Cave surveying is usually carried out with tape, compass and clinometer. This equipment is simple, portable and can be used in difficult situations that would prohibit the use of more accurate instruments e.g. theodolite and EDM based equipment. Sometimes cave surveyors make use of handheld laser distance measuring devices and targets for improved accuracy. Handheld GPS receivers are used to fix entrance locations so surface measurements are seldom taken.

The final output is a large scale plan and elevation showing symbols and notation for various types of formation, sediment, slopes, pitches, climbs, streamways etc. 3D cave-viewing software is available for enhanced visualisation. Measurements taken provide an essential record for future exploration and are of sufficient accuracy to predict connections with other caves and surface features.

Photography -

Cave photography is an acquired skill. The cave environment may be damp, dusty or muddy. This can not only damage equipment, but may interfere with the image quality. (Atmospheric dust and vapour often ruin flash photographs). Controlling exposure and planning lighting requires good communication and coordination.

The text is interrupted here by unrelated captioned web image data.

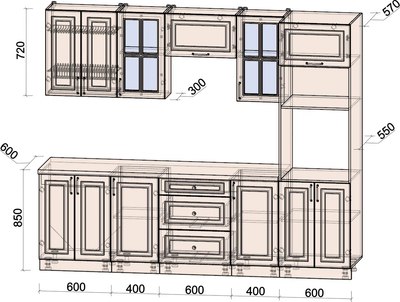 Кухонный гарнитур Интерлиния Мила Шато 2.6В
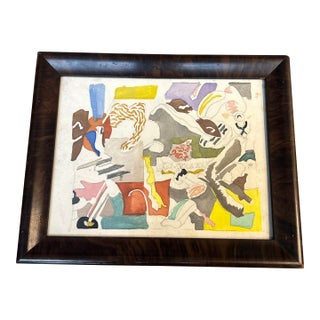 1950’s Original Abstract Expressionist Watercolor Painting For Sale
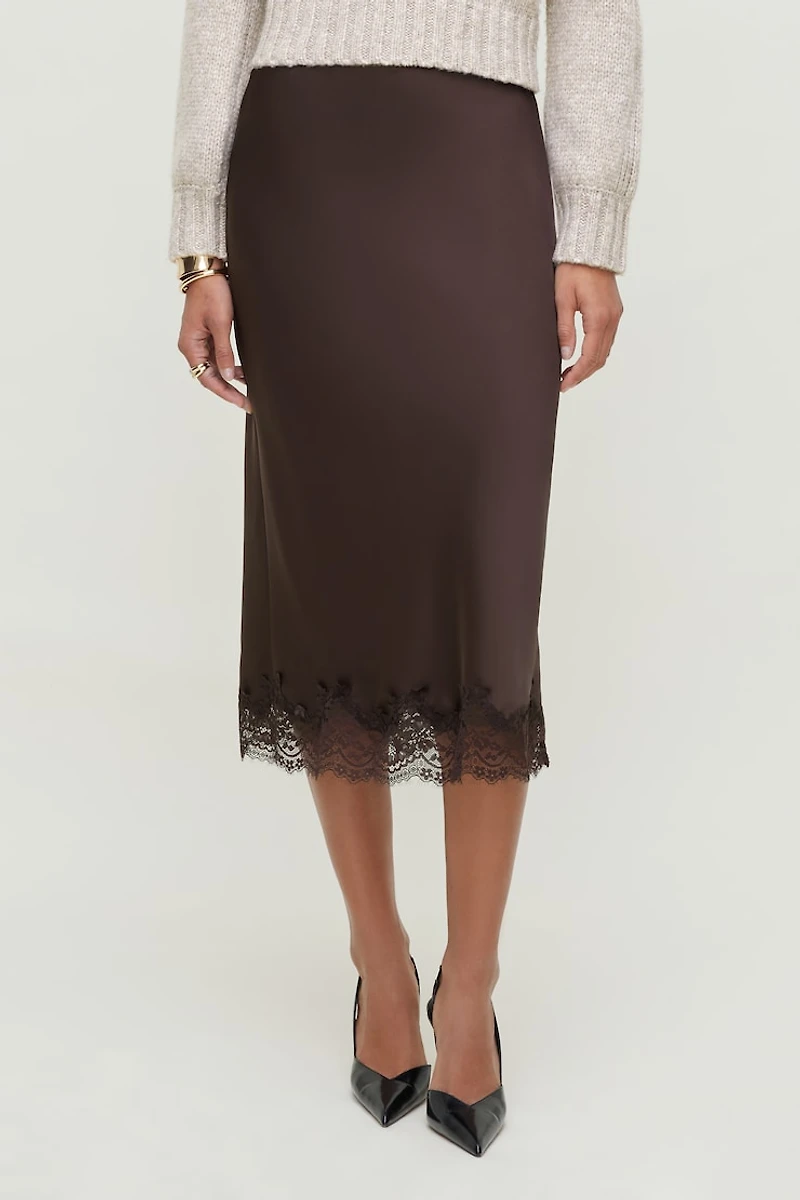 Lace Satin Midi Skirt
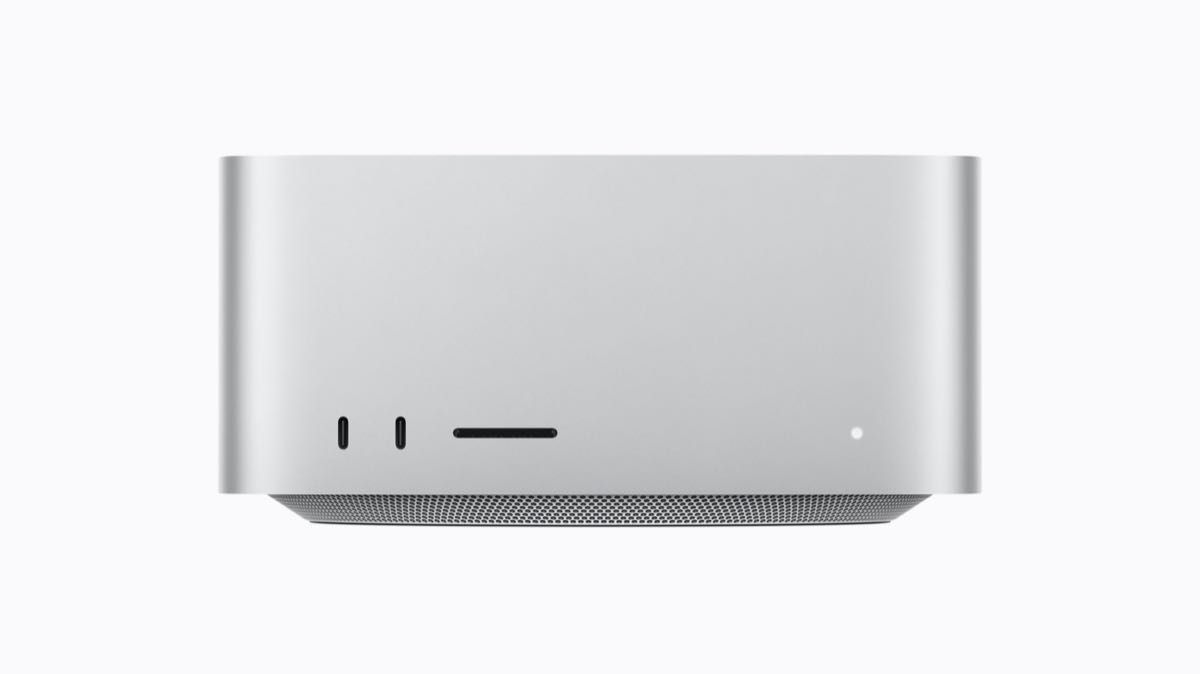 Mac Studio desktop computer shown from the front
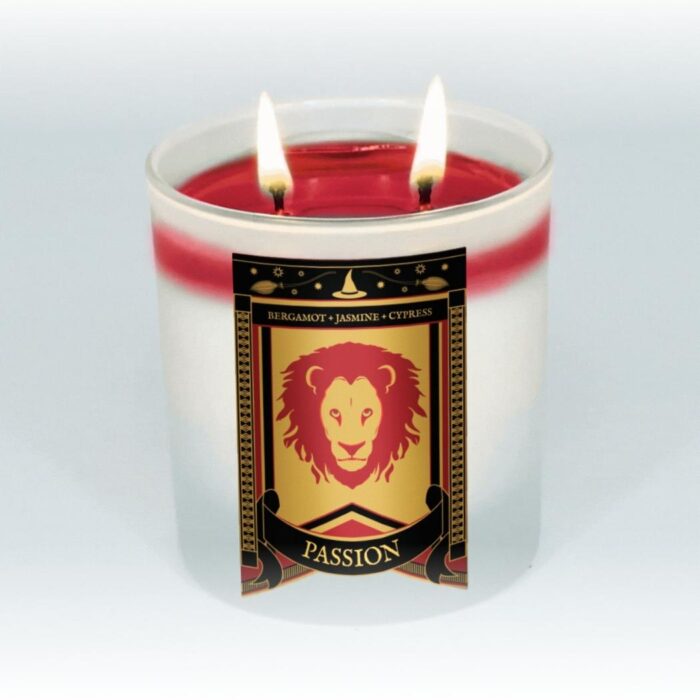 red candle, lit, 8oz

We will be taking video, open shutter with bulbs, flash, slide and digital photography. The cave images we capture, will be enhanced by shots of the beautiful rural landscape, flora, fauna and people. These are essential for supporting publications, articles and seminars that follow up the trip and generate interest in the world of caving.


Exploration -

Many caves are known about and have been explored by the local population for hundreds of years. It is sometimes surprising just how far locals have ventured into cave systems with limited lighting, or have managed to descend cliff-faced surface depressions. Despite this, it is still possible to find untouched passages even in well trodden caves.
Fortunately too, there are just as many caves that are inaccessible without the use of rope access techniques. Enormous shafts, that may be 100-450m deep can give access to colossal stream or fossil systems for the first time.